Senate debates

Thursday, 17 June 2010

Child Support and Family Assistance Legislation Amendment (Budget and Other Measures) Bill 2010

Second Reading

12:17 pm

Photo of Mitch FifieldMitch Fifield (Victoria, Liberal Party, Shadow Parliamentary Secretary for Disabilities, Carers and the Voluntary Sector) Share this | Hansard source

I rise to speak on the Child Support and Family Assistance Legislation Amendment (Budget and Other Measures) Bill 2010. The coalition has a strong record in family assistance and child support and supports this bill. Unlike Labor, we on this side of the chamber value helping families stay together and we value the services we provide in that respect and for other areas such as marriage counselling funding. That is why I am disappointed with the government’s attack on family and relationship service related funding. Here is a government that wastes billions of dollars on myriad policy failures and when it needs to claw something back it looks to pensioners, as we saw with the pensioner solar rebate clawback, where rebates they received from returning excess electricity from their solar panels to the grid was treated as income for social security purposes. Now the government has decided to target families. In fact, all that is missing today is the Prime Minister holding yet another press conference to tell us to get out of the way of this bill as well.

Labor has slashed $43.9 million from family relationship centres, which was not revealed in the budget. The government slashed $4½ million from marriage counselling services and the government decided not to replace four judges in the Family Court and Federal Magistrates Court, which placed unnecessary pressure on the judiciary and means that family law matters will now take even longer to get to court, let alone be resolved. In total almost $50 million has been cut from important services which help families stay together and save marriages.

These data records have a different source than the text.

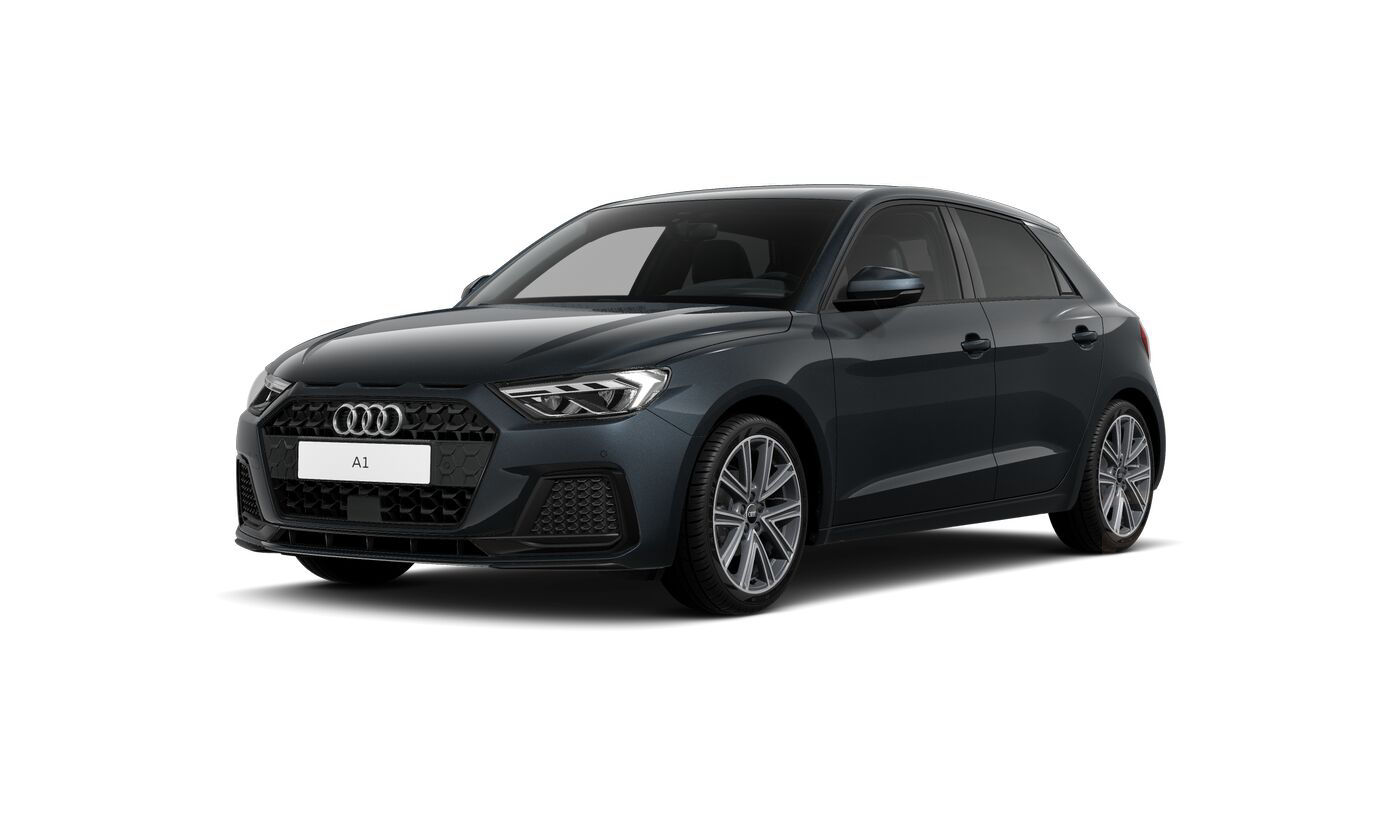 Audi A1 Sportback advanced 25 TFSI 70 kW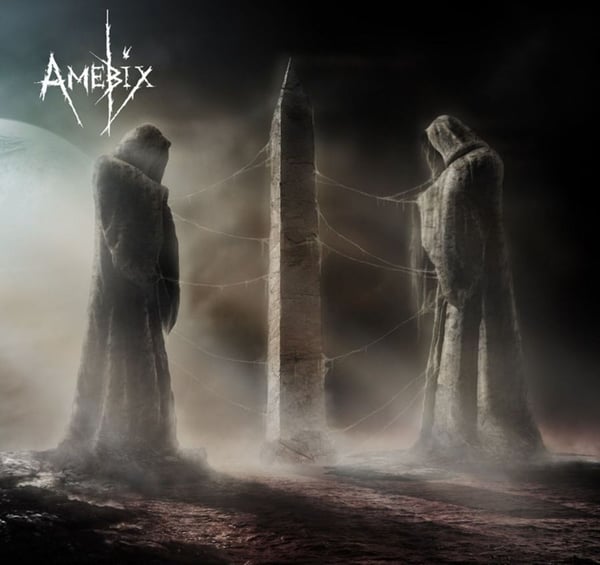 Amebix - Monolith: The Power Remains (CD)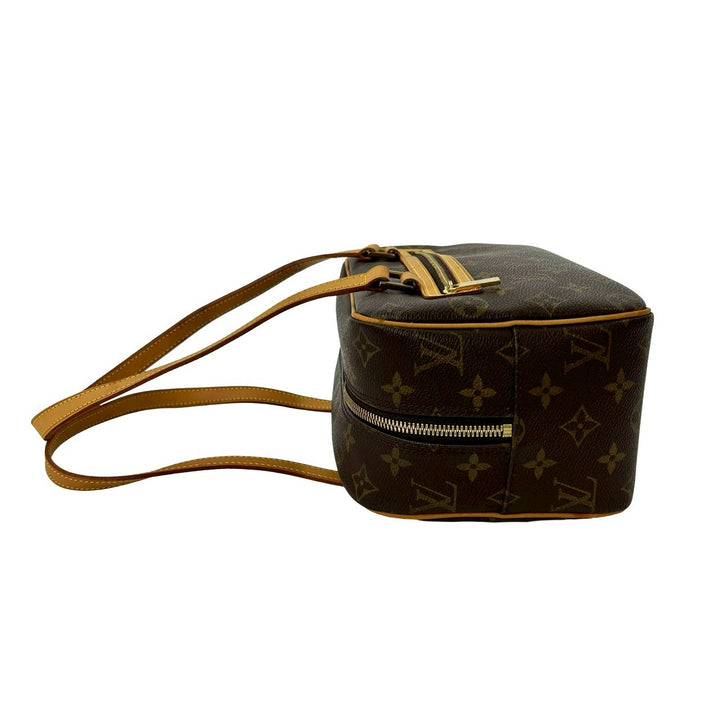 ショルダーバッグ ルイヴィトン シテ MM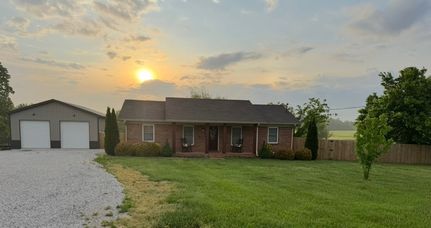 Farm Property for sale in Todd County, Kentucky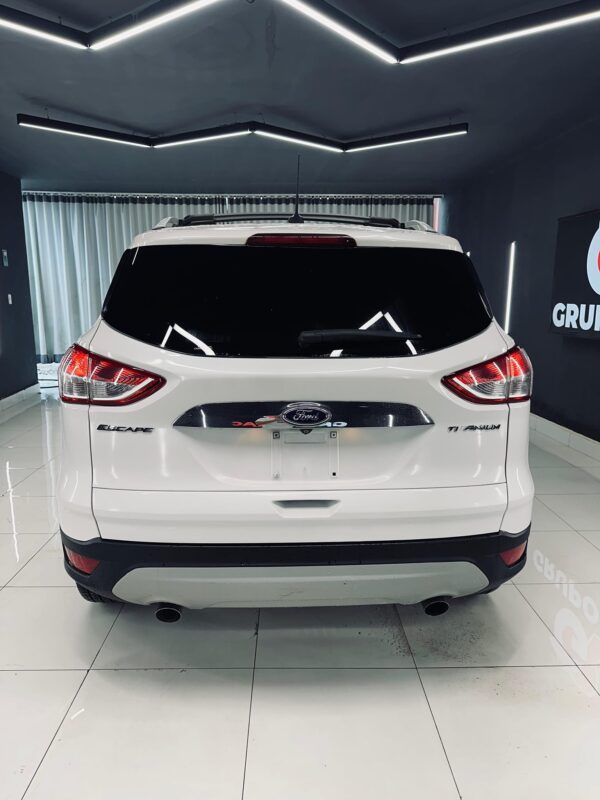 FORD ESCAPE TITANIUM 2014 / PRIMA: 74 MIL - Imagen 8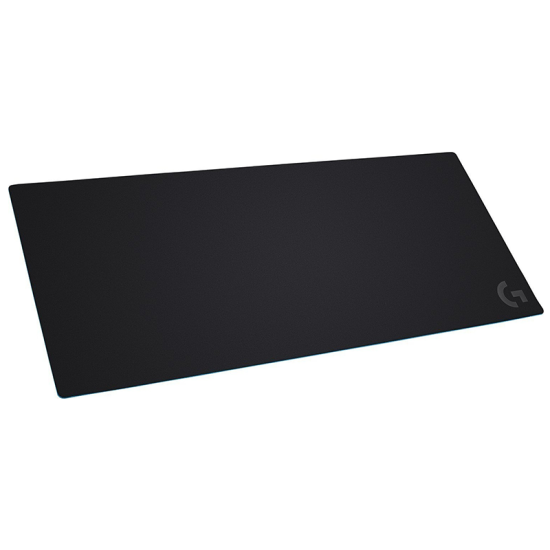 Logitech G840 XL Gaming Mouse Pad, Performance Tuned Surface, Dimension 400Hx900Wx3mmD | 943-000778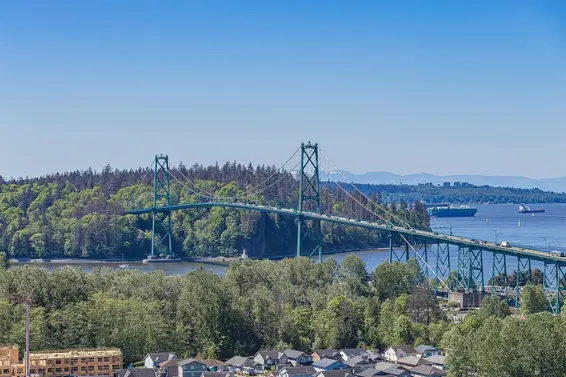 2201 1632 Lions Gate Lane, North Vancouver For Sale - image 2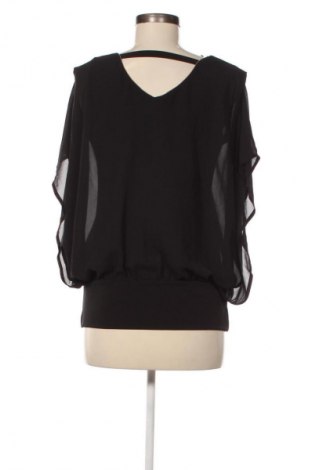 Női blúz Rockmans, Méret S, Szín Fekete, Ár 749 Ft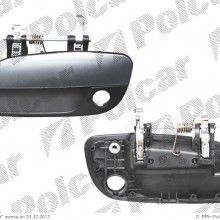 klamka zewntrzna HYUNDAI ELANTRA (XD), 01.2004 - 09.2006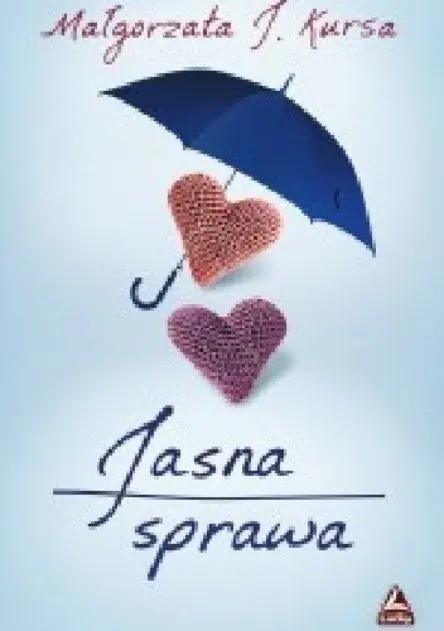Książka - Jasna sprawa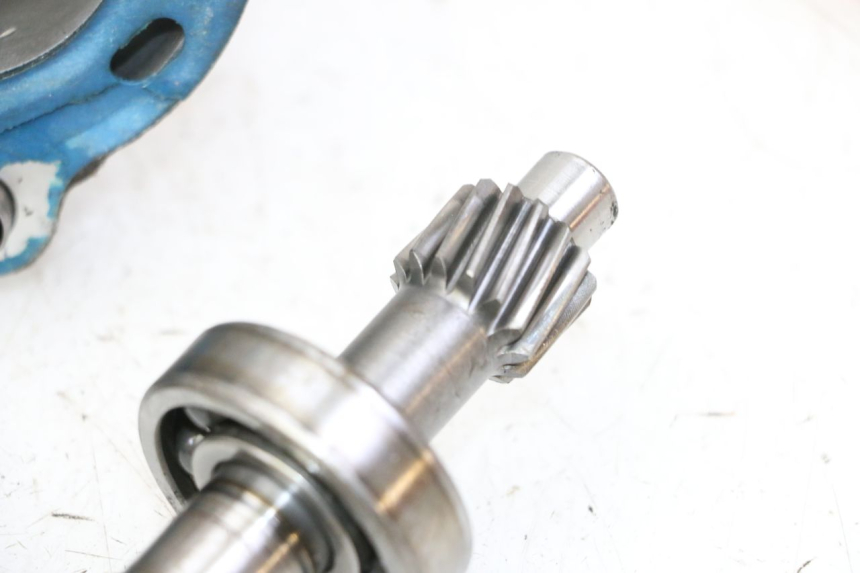 photo de TRANSMISSION ROUE SYM CROX 4T 50 (2016 - 2023) - Pièce contrôlée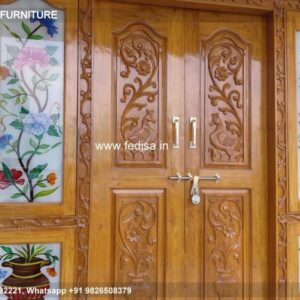 Door Design Main Door Design For Home Window Attached Door Design Flush Door Darwaje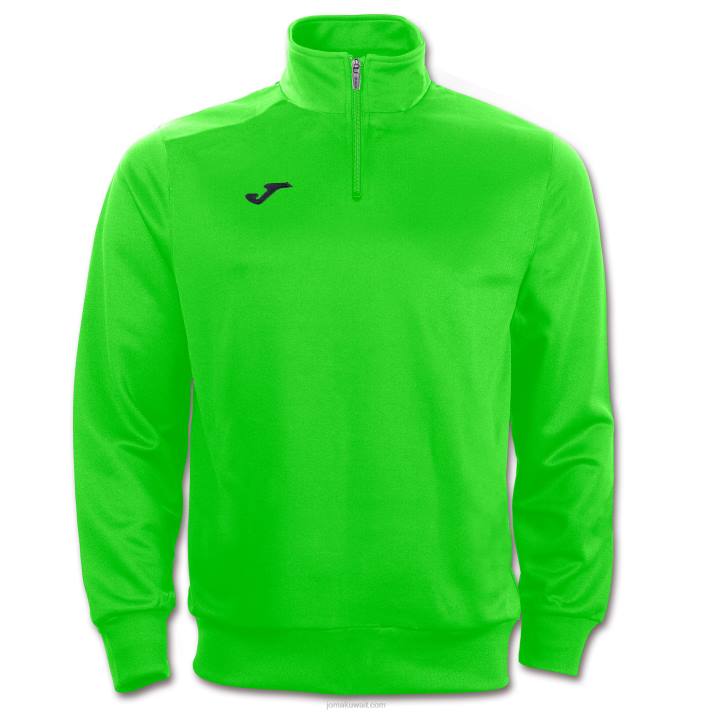 joma_82p4r1437_d986d98ad988d986_d8a7d984d8aed8b6d8b1d8a7d8a1_d8b3d988d98ad8aa_d8b4d98ad8b1d8aa_d981d8b1d8b9d988d986_d8b1d8acd8.jpg Joma 82P4R1437 نيون الخضراء سويت شيرت فرعون رجال - Image 1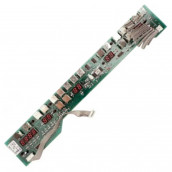 Carte clavier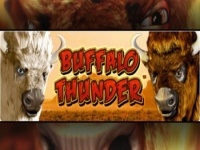 Buffalo Thunder
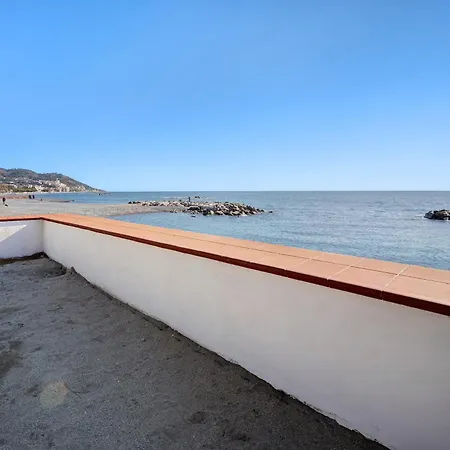 Lägenhet Orizzonte 5 A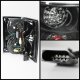 SPY LED Tail Lights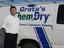 Grota's Chem-Dry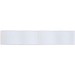 Sublimation Fitnessband – stark, weiss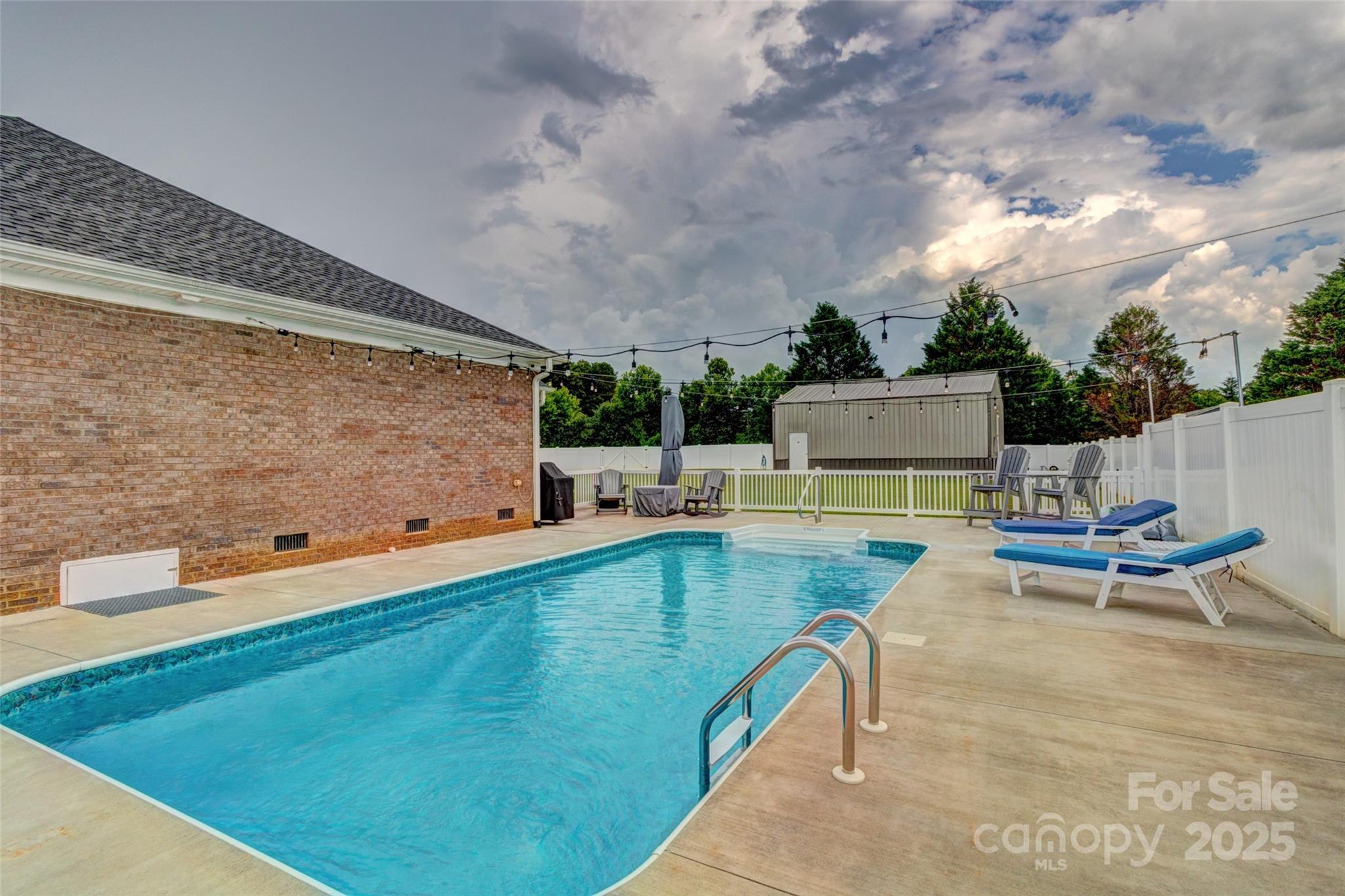 2486 Ridge Run Lane Vale, NC 28168 - Photo 21 of 25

The bill before us is designed to streamline legislative arrangements. The bill will align care determinations under both the family assistance law and child support legislation and will essentially allow parents or carers who are entitled to family tax benefit and are also child support payers or payees to have the same care determinations made for a child where the care of the child involves more than one carer. Furthermore, the bill aligns the payer’s income estimate periods with financial years rather than child support years, which in effect changes the period over which income estimates are reconciled from 15 months to a financial year. This will ultimately ensure greater accuracy and efficiency as the proposed amendment will result in a far simpler process to assess a payer’s taxable income. Indeed this will also reduce delays in the automated reconciliation process.

The bill will also allow for any payments of family tax benefit to recipients who have not lodged their tax returns in the hope of having a lower assessable income to be cancelled. The amendments limit the non-payment of FTB to a claimant or the non-entitlement of a claimant to FTB so that it applies only if the claimant or his or her partner has an outstanding FTB debt as a result of relevant tax returns not being lodged. The coalition supports this bill. I know this bill is non-controversial and so I apologise as I could not help but make a few of the observations that I made earlier about the government’s hypocrisy.